Surreal as that nomination appears, even in the topsy-turvy world of 21st Century Republicanism, it came about because the Party hardliners were helpless to stop it. The people--their people--had spoken. Unwittingly, unintentionally, they had managed to churn up their portion of the masses so effectively they made it easy for a fast-talking charlatan like Trump to pounce on this most golden of opportunities, winning vast numbers of hardened hearts and brainwashed minds.
Trump's early showing in the polls, hard as those rising numbers were to believe, gave the party regulars plenty of time to go through the seven stages of grief (disbelief, denial, bargaining, guilt, anger, depression, and acceptance), put on their happy masks, bite the bullet, and rehearse their lines. ("It could be worse! It could be Hillary!") From the beginning, Trump made it clear he wouldn't be needing them to win. He had a history of smashing people who got in his way. These guys would not be immune.
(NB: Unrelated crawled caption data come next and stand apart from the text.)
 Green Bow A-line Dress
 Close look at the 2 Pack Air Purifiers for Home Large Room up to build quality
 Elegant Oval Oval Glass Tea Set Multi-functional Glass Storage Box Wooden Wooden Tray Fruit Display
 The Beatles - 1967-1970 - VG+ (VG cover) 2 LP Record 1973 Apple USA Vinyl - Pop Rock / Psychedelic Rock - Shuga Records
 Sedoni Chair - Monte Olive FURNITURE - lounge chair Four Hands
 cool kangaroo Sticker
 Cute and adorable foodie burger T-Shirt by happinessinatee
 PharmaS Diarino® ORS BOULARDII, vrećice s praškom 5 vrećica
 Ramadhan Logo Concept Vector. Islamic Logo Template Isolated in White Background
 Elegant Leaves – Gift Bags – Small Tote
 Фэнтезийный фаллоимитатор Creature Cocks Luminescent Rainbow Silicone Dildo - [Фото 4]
Fast-forward to the convention: It would be a Trump family affair, make no mistake. Trump would be the decider and it would be a show like nothing the world has ever seen outside of Hollywood or maybe Siam. Party platform, that boring old thing, would have to take a back seat to the main event--the coronation of The Man.
What to do, what to do? Talking up Trump is hard, especially when he wasn't their first, second, third, or even seventeenth choice.
Aha! Hillary! Of course!
Both Paul Ryan and Mitch McConnell, the titular heads of the Republican Party, gave speeches that barely mentioned Donald Trump. Celebrities like Willie Robertson, the "Duck Dynasty" star, and Chachi (Scott Baio) took up the slack, praising Trump to the highest skies, knowing for an absolute fact that Donald Trump will MAKE AMERICA GREAT AGAIN! GOD BLESS THE UNITED STATES OF AMERICA!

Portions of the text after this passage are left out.